===== Provided records =====

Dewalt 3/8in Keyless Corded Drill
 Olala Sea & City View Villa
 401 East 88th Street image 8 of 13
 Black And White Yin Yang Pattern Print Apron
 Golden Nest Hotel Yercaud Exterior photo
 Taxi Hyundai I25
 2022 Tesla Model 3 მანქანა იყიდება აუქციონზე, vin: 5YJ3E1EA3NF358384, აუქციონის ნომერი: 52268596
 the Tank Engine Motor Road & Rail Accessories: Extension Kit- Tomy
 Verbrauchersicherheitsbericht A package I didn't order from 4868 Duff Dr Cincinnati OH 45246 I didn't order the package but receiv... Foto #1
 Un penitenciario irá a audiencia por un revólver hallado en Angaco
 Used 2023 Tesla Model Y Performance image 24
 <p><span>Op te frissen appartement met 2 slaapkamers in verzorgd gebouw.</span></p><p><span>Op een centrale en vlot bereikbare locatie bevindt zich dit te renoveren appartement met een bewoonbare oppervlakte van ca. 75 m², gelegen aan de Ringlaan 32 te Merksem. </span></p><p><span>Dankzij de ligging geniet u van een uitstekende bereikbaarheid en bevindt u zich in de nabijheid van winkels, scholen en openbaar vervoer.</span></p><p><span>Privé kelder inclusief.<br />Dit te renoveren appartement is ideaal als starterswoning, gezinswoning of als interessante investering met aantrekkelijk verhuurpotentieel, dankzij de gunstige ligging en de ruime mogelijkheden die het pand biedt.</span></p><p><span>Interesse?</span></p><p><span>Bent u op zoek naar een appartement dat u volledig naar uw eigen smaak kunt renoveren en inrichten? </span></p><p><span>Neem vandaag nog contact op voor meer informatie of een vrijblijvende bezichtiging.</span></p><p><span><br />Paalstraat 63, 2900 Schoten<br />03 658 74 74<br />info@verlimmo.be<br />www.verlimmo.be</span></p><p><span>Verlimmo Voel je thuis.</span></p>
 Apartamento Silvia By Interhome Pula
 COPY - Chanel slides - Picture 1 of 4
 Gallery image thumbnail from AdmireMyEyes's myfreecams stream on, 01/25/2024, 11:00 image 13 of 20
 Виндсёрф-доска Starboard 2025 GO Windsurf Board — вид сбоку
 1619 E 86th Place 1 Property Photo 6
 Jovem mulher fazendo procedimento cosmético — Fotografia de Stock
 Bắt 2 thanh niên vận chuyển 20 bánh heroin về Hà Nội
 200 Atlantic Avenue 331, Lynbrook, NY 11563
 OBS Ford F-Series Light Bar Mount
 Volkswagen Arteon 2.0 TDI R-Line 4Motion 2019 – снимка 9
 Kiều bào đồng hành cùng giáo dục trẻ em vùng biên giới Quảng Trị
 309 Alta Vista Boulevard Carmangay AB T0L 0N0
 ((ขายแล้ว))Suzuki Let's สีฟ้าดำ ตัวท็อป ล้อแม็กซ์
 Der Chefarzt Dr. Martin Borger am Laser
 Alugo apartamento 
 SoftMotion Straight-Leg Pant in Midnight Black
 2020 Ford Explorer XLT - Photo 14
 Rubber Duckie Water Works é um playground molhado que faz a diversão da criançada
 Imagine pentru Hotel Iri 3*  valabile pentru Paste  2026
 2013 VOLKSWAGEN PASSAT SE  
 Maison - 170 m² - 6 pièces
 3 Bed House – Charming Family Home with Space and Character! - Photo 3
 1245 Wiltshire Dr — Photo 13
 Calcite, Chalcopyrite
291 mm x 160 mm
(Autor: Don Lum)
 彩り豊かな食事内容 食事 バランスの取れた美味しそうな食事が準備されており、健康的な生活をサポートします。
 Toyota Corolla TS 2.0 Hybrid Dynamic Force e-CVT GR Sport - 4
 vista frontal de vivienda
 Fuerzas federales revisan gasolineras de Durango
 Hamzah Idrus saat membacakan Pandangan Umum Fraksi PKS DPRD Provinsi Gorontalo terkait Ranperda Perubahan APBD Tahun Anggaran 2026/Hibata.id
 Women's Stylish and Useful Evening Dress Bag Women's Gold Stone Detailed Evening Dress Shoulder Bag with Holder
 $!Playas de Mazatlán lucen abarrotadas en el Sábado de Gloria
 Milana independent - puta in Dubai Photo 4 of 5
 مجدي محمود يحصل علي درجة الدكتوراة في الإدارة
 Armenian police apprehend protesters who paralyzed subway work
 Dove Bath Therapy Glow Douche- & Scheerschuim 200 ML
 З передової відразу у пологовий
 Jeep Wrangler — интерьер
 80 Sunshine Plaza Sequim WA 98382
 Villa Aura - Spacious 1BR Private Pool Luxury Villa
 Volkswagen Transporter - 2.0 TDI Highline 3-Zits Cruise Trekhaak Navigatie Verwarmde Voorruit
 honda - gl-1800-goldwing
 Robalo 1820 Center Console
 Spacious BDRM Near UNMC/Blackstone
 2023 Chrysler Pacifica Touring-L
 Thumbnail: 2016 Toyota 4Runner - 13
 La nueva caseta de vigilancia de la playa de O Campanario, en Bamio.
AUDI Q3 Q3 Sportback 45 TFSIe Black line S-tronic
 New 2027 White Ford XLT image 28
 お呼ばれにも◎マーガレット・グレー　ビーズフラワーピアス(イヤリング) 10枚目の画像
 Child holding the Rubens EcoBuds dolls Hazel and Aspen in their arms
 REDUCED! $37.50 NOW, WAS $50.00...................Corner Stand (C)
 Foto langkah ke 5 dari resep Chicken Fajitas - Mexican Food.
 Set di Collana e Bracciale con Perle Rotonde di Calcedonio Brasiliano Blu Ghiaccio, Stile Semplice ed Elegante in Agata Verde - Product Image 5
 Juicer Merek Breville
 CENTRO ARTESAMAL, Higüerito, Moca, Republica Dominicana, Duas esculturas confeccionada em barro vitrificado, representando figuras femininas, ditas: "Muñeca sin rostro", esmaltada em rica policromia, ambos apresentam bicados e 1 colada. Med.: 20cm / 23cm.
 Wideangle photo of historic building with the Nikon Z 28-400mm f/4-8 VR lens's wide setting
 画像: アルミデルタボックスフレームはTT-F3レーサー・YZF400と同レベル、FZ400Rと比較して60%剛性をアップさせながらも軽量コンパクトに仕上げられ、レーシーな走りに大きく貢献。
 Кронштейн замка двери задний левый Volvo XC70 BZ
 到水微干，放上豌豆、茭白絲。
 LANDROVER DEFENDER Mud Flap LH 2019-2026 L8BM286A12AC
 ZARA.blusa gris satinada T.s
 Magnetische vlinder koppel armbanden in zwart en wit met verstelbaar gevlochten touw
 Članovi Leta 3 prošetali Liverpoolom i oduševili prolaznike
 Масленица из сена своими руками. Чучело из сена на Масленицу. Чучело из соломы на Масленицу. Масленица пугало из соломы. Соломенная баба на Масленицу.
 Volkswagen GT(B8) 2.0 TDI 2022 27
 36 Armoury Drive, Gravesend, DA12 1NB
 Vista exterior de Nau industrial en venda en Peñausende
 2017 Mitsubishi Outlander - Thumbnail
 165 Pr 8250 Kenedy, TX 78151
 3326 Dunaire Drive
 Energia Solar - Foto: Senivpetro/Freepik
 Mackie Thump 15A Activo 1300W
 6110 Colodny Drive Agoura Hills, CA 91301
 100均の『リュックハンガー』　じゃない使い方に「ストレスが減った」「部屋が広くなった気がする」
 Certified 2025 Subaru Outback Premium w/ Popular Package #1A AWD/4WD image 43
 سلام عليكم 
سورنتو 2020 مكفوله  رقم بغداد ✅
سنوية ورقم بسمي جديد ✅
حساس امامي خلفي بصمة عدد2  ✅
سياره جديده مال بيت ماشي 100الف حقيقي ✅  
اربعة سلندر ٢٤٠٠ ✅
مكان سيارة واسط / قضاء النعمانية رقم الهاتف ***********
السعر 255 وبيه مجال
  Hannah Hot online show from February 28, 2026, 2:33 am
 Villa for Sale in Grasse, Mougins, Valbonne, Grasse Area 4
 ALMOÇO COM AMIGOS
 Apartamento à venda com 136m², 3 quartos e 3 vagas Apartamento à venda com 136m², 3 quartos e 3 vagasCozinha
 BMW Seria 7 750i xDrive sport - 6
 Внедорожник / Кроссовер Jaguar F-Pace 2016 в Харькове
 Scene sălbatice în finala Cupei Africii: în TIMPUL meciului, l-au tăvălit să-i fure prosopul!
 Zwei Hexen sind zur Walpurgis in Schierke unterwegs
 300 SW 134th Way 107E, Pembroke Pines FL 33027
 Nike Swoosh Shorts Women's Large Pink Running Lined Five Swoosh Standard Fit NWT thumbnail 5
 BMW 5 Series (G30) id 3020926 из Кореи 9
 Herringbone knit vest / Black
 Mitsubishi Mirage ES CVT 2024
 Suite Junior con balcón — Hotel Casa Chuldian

=====

Your reply should hold only the lines from the first line of the records through the one with "Used 2023 Tesla Model Y Performance image 24", reproduced word for word.

#### [Response to this exercise]
Dewalt 3/8in Keyless Corded Drill
 Olala Sea & City View Villa
 401 East 88th Street image 8 of 13
 Black And White Yin Yang Pattern Print Apron
 Golden Nest Hotel Yercaud Exterior photo
 Taxi Hyundai I25
 2022 Tesla Model 3 მანქანა იყიდება აუქციონზე, vin: 5YJ3E1EA3NF358384, აუქციონის ნომერი: 52268596
 the Tank Engine Motor Road & Rail Accessories: Extension Kit- Tomy
 Verbrauchersicherheitsbericht A package I didn't order from 4868 Duff Dr Cincinnati OH 45246 I didn't order the package but receiv... Foto #1
 Un penitenciario irá a audiencia por un revólver hallado en Angaco
 Used 2023 Tesla Model Y Performance image 24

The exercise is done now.